» **Instructions to follow**: Output the listing verbatim, leaving out every picture.

[Supplied data Boundary: Start]

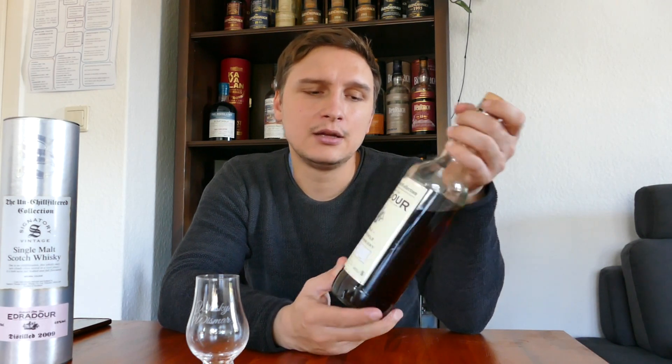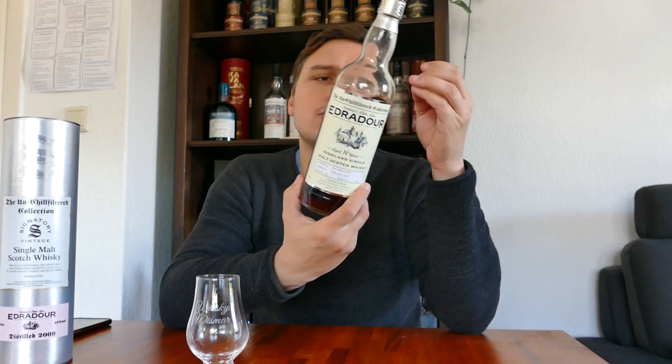This one in particular comes from cask number 49, distilled 4th of March 2009, bottled 26th of July 2019 — so squarely 10 years old. As I said, heavily Sherried. There were a number of these in recent months, all pretty similar in color.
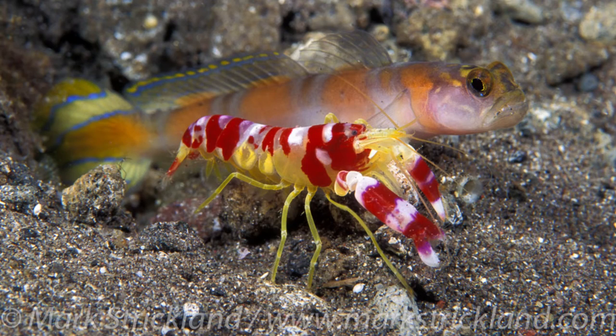Hey everyone, ocean conservation and marine life expert Jaclyn Friedlander here, and today we are going to talk about a very interesting symbiotic relationship between goby fish and pistol shrimp. A symbiotic relationship in biology is when two different species live together to the benefit of one or both creatures. In this case, both the goby and the pistol shrimp benefit from living together.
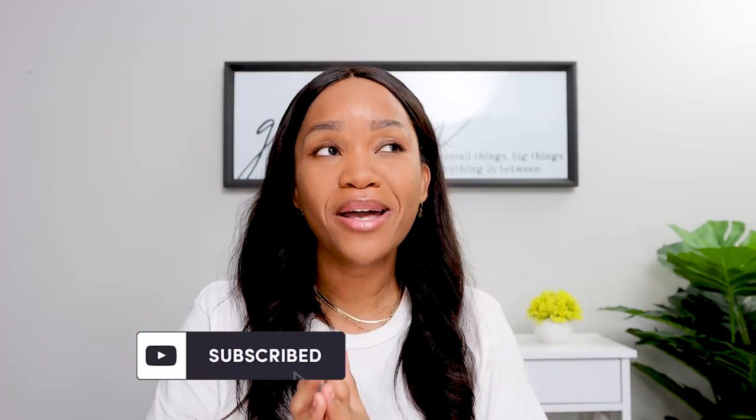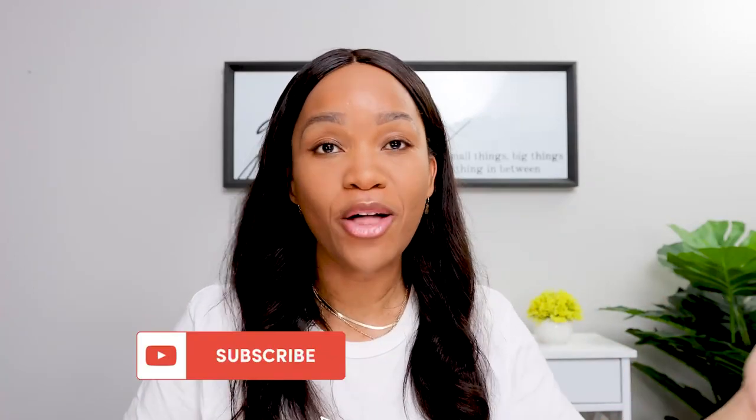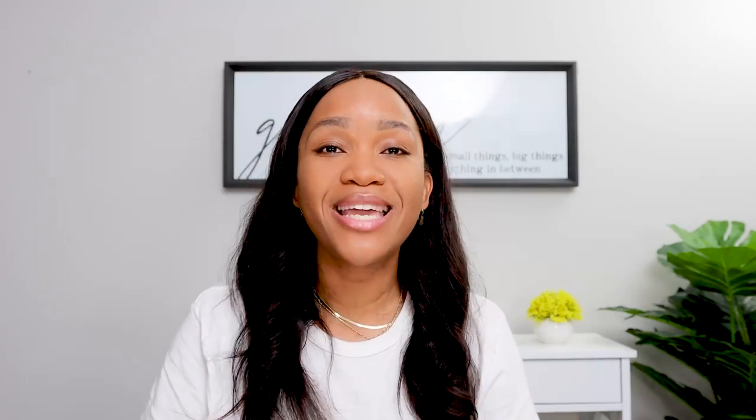What's up you guys? It's Adana. I am a PA and I make mostly PA and medically health-related videos, but I talk about things along my PA path journey. And one such thing is the GRE.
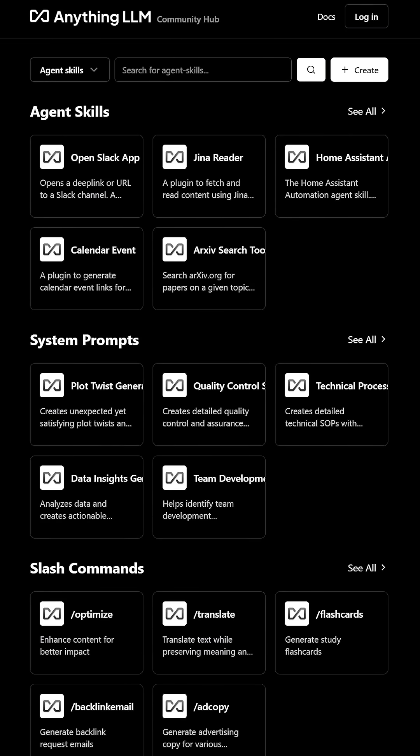With AnythingLLM's newly launched community hub, you can share your system prompts to guide LLM behavior, explore productivity-boosting slash commands, and build and exchange specialized AI agents for a vast amount of different use cases.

[Supplied data Boundary: End]

» **Solution to this problem**:
This one in particular comes from cask number 49, distilled 4th of March 2009, bottled 26th of July 2019 — so squarely 10 years old. As I said, heavily Sherried. There were a number of these in recent months, all pretty similar in color.
Hey everyone, ocean conservation and marine life expert Jaclyn Friedlander here, and today we are going to talk about a very interesting symbiotic relationship between goby fish and pistol shrimp. A symbiotic relationship in biology is when two different species live together to the benefit of one or both creatures. In this case, both the goby and the pistol shrimp benefit from living together.
What's up you guys? It's Adana. I am a PA and I make mostly PA and medically health-related videos, but I talk about things along my PA path journey. And one such thing is the GRE.
With AnythingLLM's newly launched community hub, you can share your system prompts to guide LLM behavior, explore productivity-boosting slash commands, and build and exchange specialized AI agents for a vast amount of different use cases.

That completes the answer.